(Work request)
Pictures stay out; everything else from the first line of the entries down through the line with "Từ căng để phù" gets copied exactly.

(Source data)
---
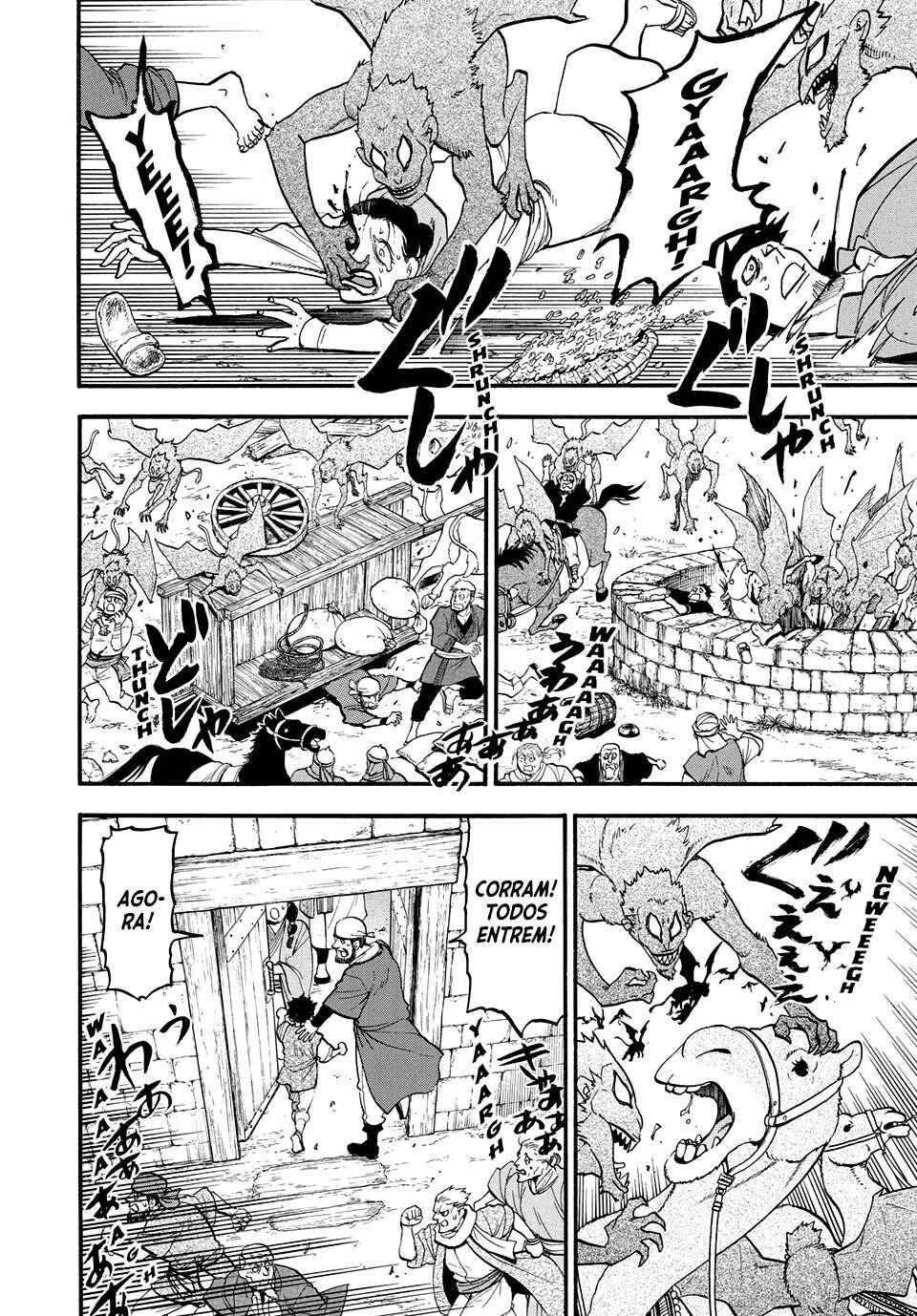 Arslan Senki Chapter 134 - Page 3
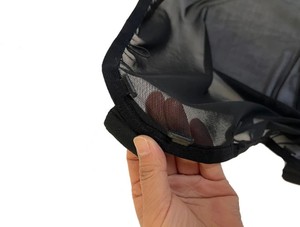 Từ căng để phù hợp với mặt trời bóng râm Bên Cửa Sổ Sun Visor Extender kính chắn gió dù để che nắng và tia UV - Product Image 5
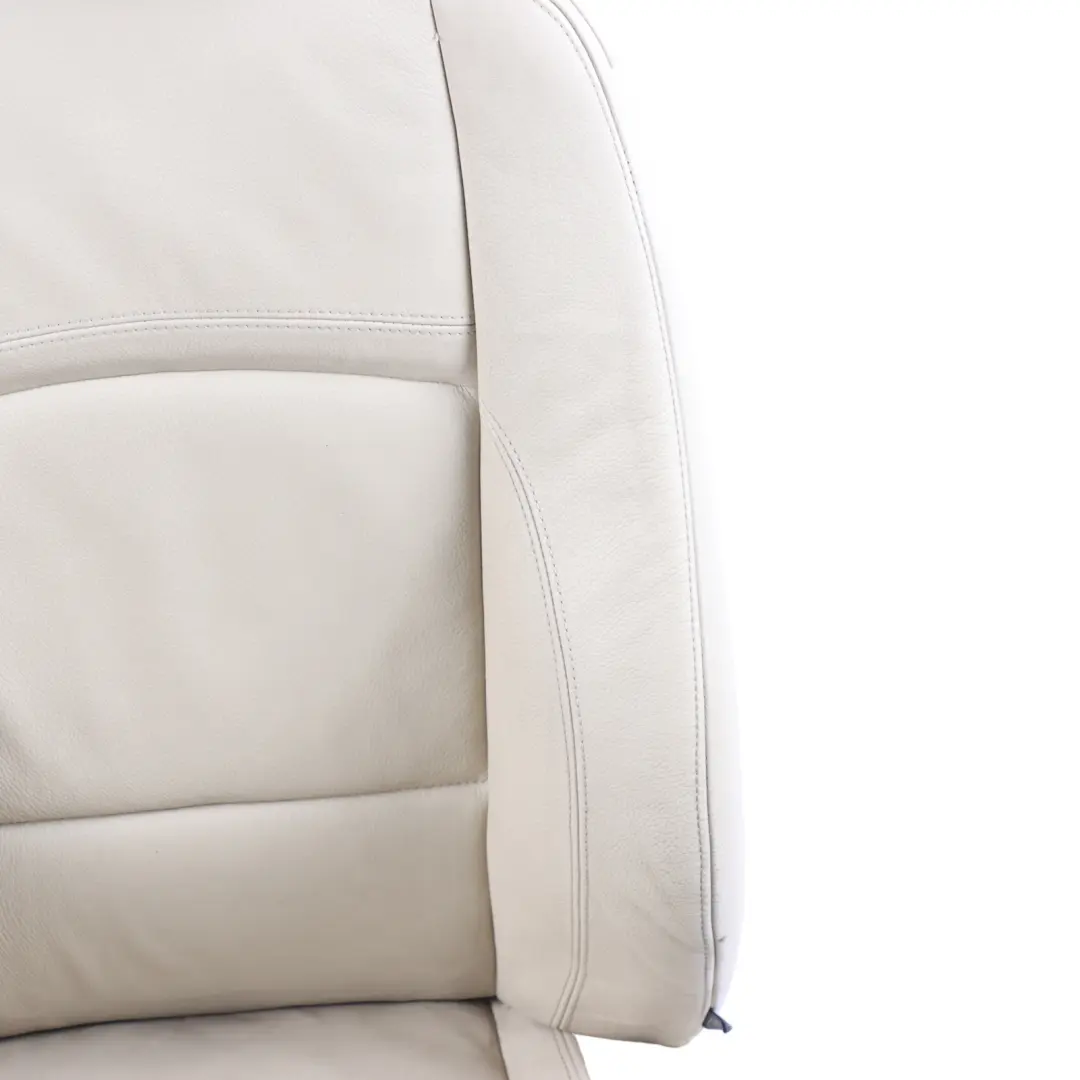 BMW E92 M Sport Front Left N/S Creambeige Beige Leather Seat Heated Memory - SKU rhd-6978877-1 - Part number 6978877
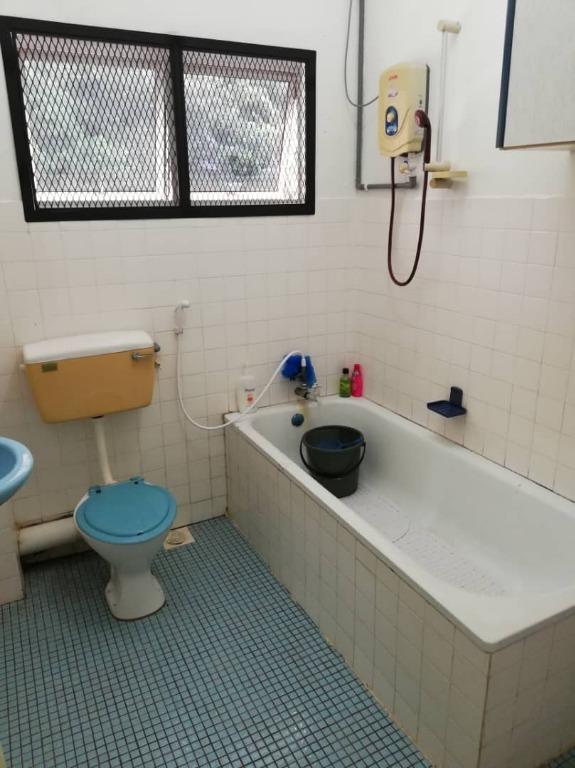 [EXTENDED, RENO] Double storey terrace house Taman Rakan, Cheras Kajang ...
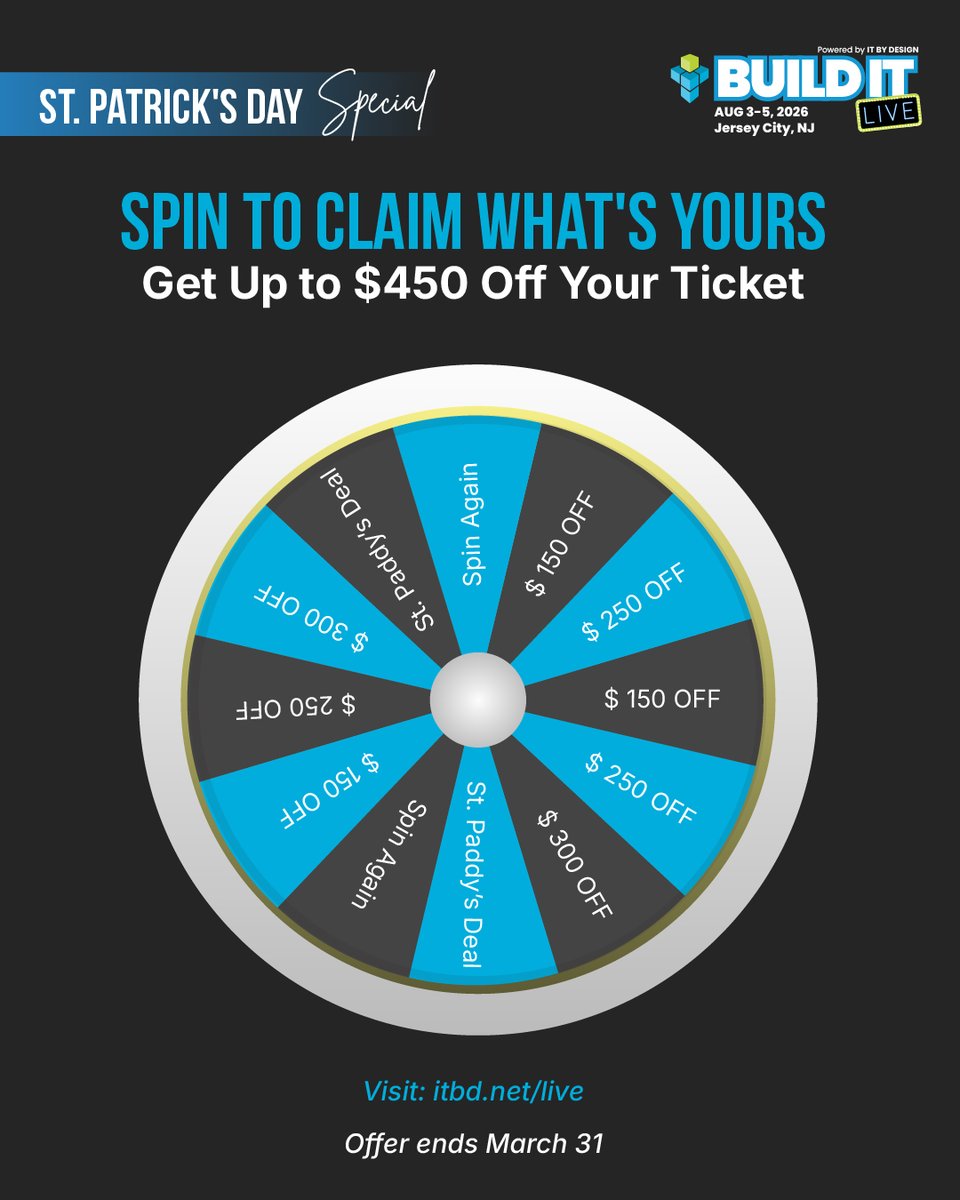 BUILD IT LIVE tweet media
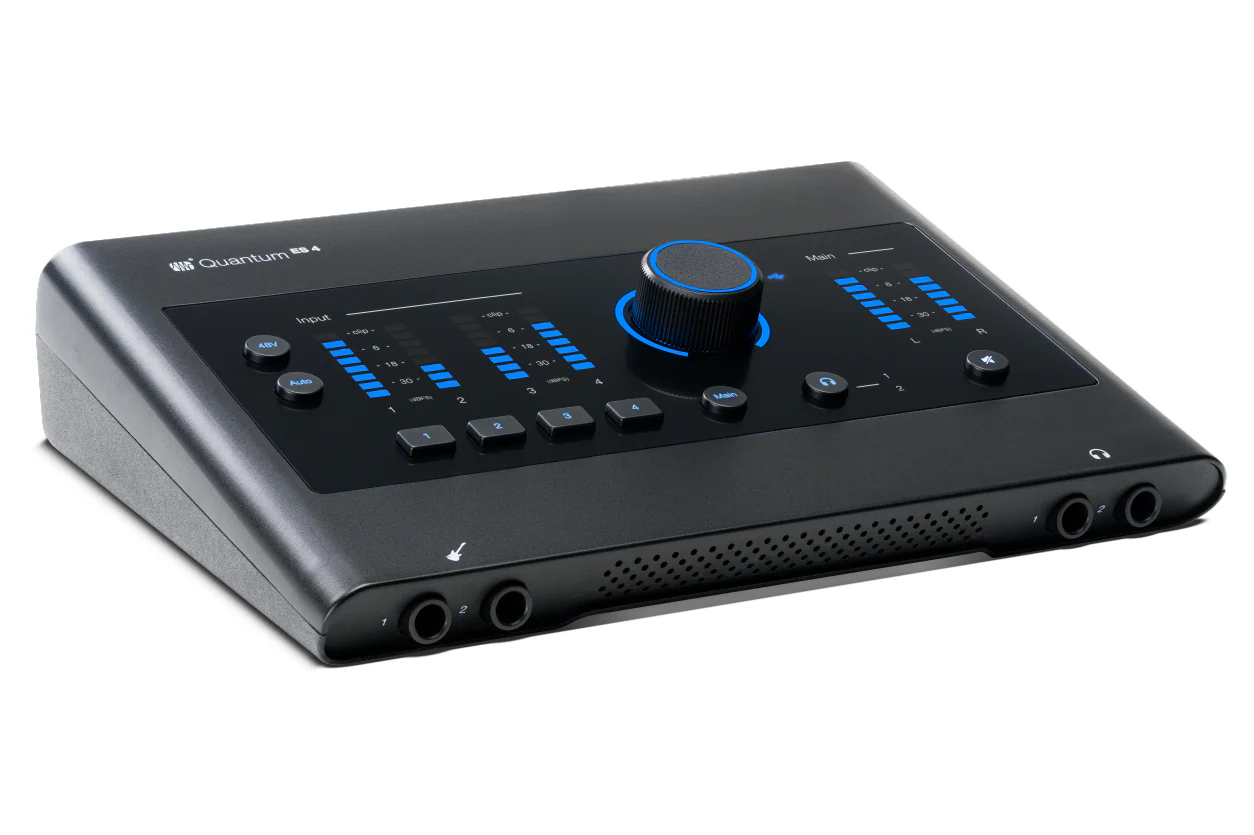 PreSonus Quantum ES 4 USB-C Audio Interface - Image 3
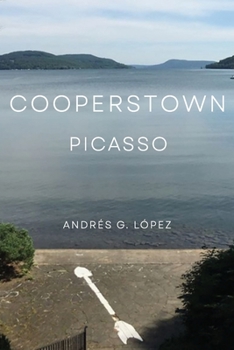 Paperback Cooperstown Picasso Book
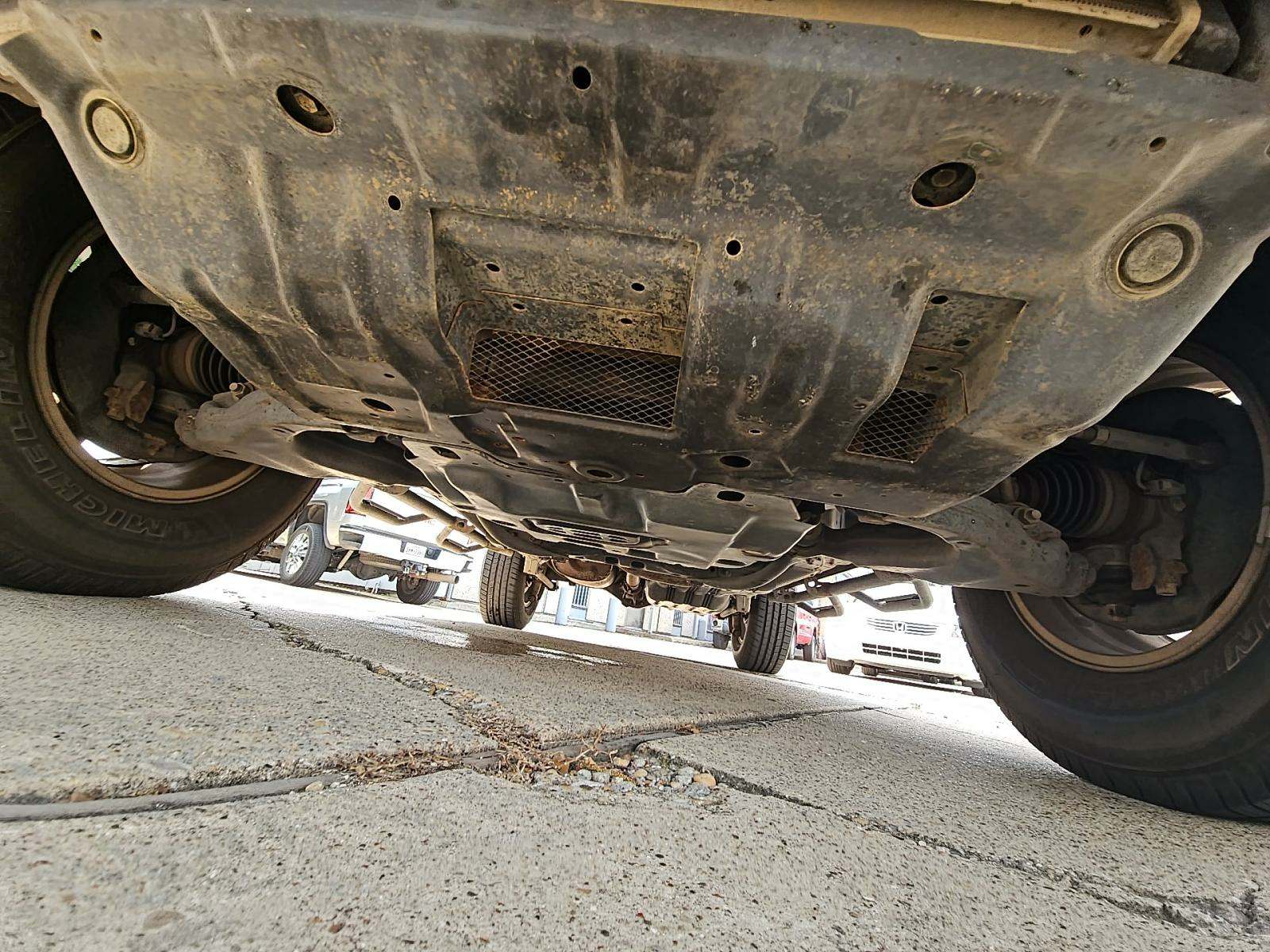 2014 Toyota FJ Cruiser Base AWD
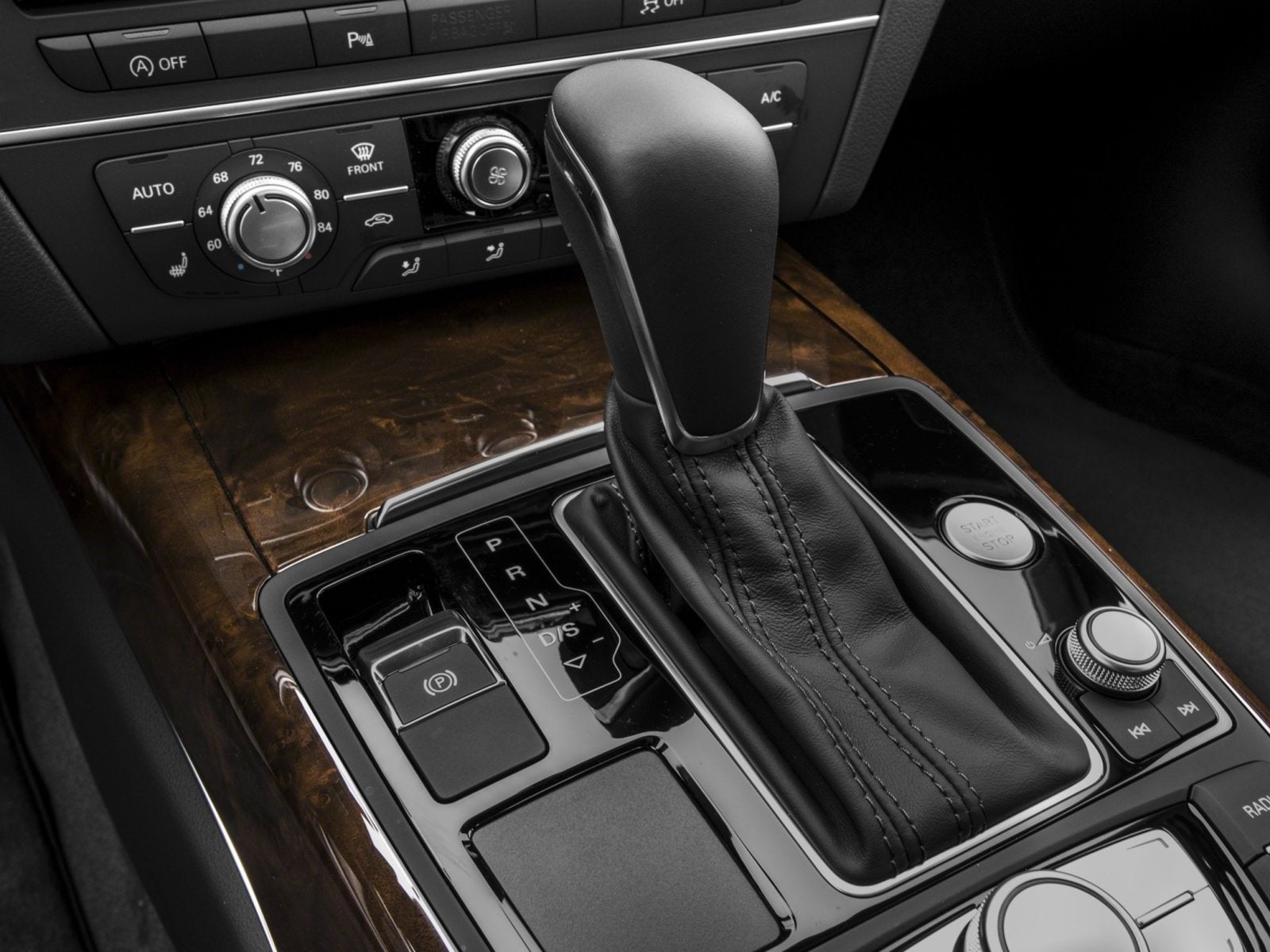 2016 Audi A6 2.0T Premium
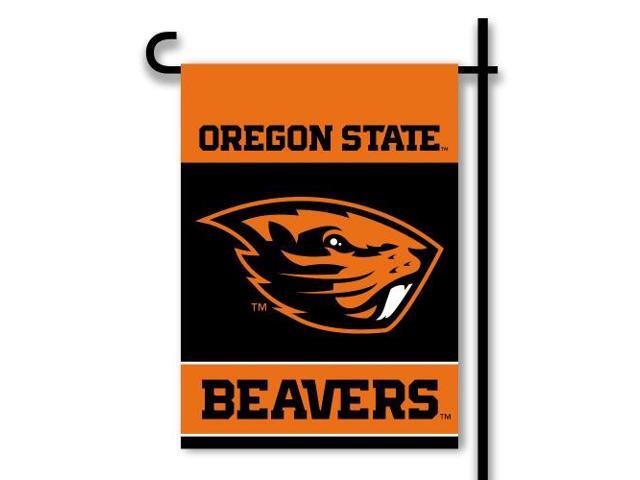 Bsi Products Inc Oregon State Beavers 2-Sided Garden Flag Garden Flag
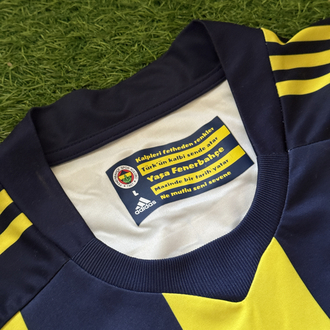 Orijinal 09/10 Sezonu Diego Lugano Fenerbahçe Forması L beden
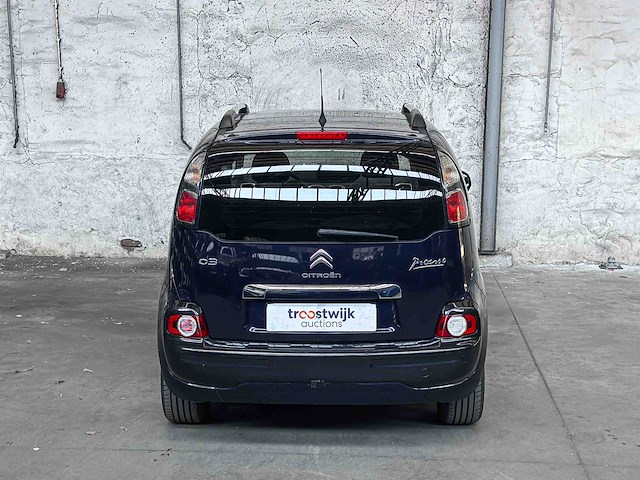 Citroen c3 picasso 1.4 vti exclusive 95pk 2013, rr-204-p - afbeelding 4 van  36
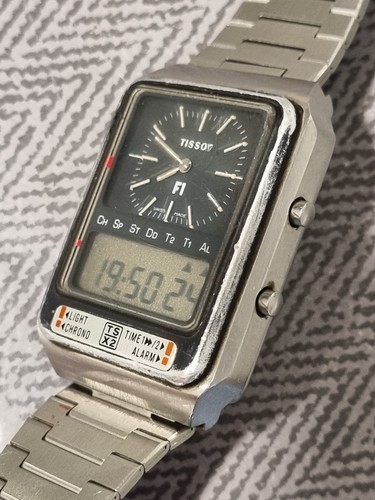 Tissot formel ana - tissot, ana-digi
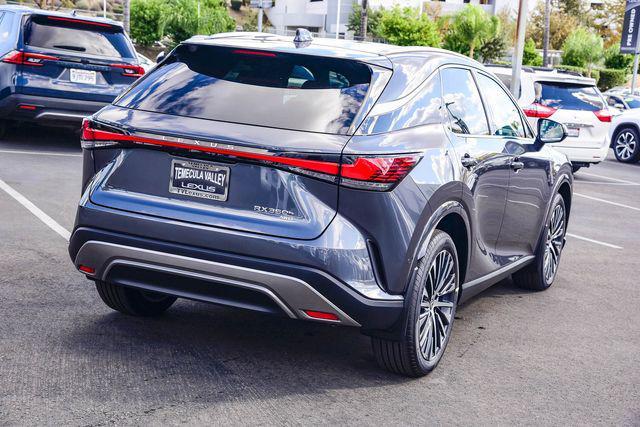 new 2026 Lexus RX 350 car, priced at $64,969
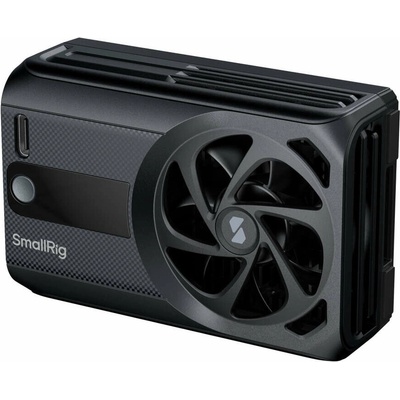 SmallRig 5329 Cooling Fan for Mirrorless Cameras (Basic Fan) – Zboží Živě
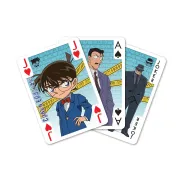 Baraja de Cartas SAKAMI - Detective Conan con Licencia Oficial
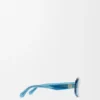 Mini Anagram Steps Rectangular Sunglasses Mini Anagram Steps Rectangular Sunglasses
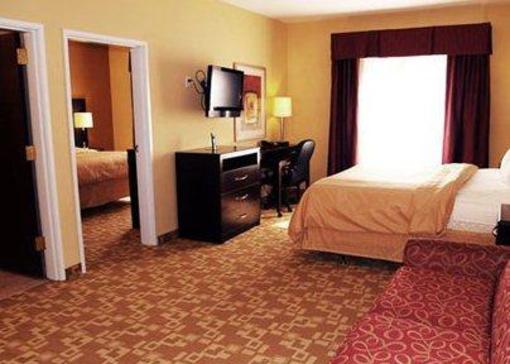фото отеля Comfort Suites Rome (Georgia)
---
(Completed task)
 Arslan Senki Chapter 134 - Page 3
 Từ căng để phù hợp với mặt trời bóng râm Bên Cửa Sổ Sun Visor Extender kính chắn gió dù để che nắng và tia UV - Product Image 5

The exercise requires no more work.